> **What you will do**: Starting at the line with "Compressore sospensione Audi", copy each line through the last one below exactly as written, without any pictures.

··· Records for this exercise

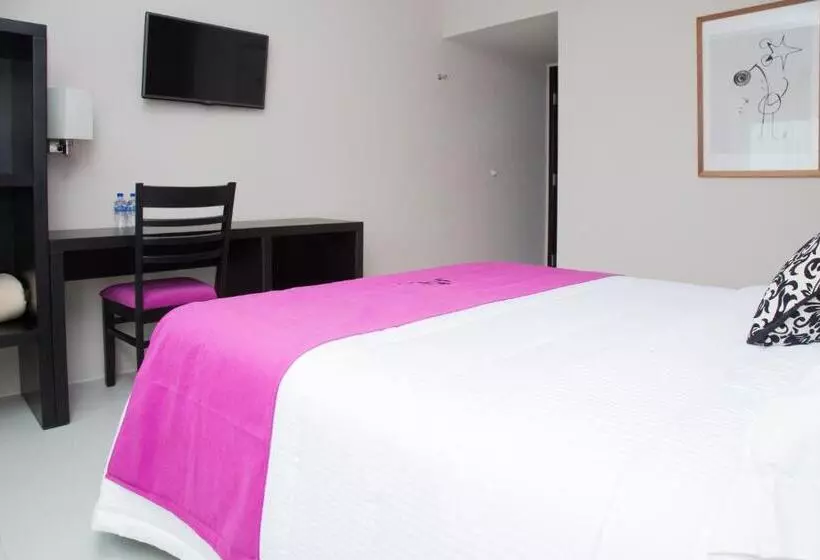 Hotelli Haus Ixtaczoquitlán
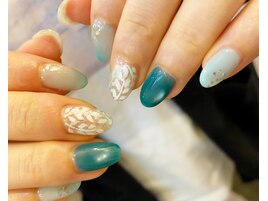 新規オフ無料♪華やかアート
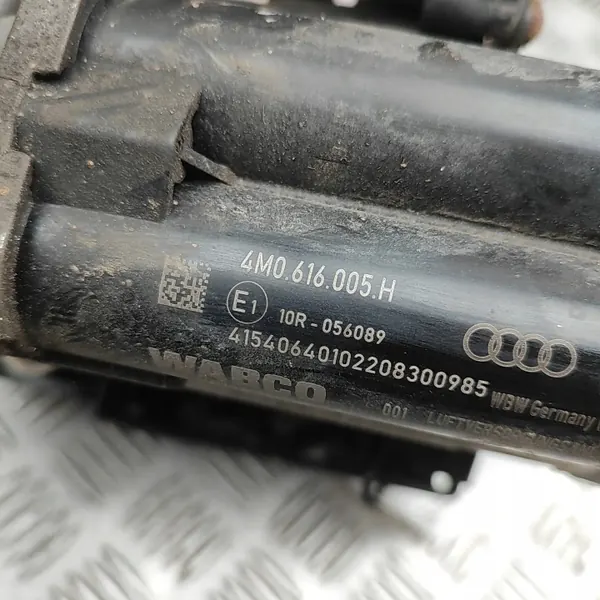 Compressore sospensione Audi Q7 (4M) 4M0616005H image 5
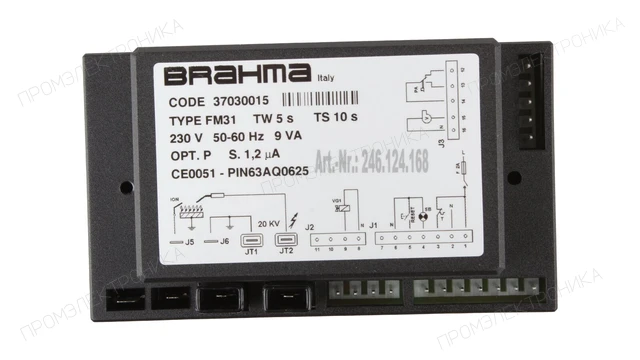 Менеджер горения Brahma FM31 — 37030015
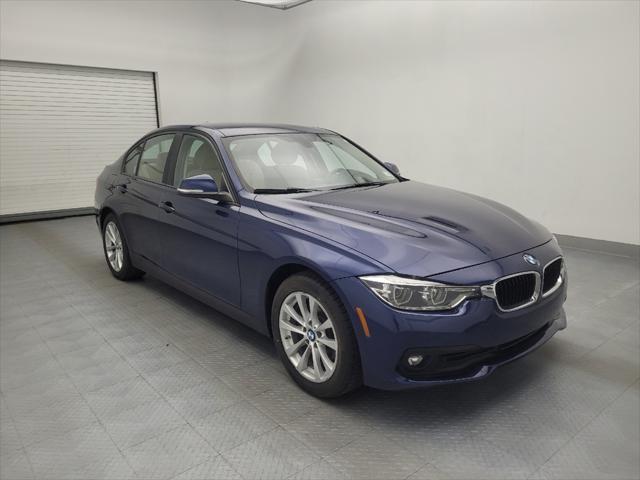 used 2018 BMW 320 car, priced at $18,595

······

> **Response to this task**:
 Compressore sospensione Audi Q7 (4M) 4M0616005H image 5
 Менеджер горения Brahma FM31 — 37030015
 used 2018 BMW 320 car, priced at $18,595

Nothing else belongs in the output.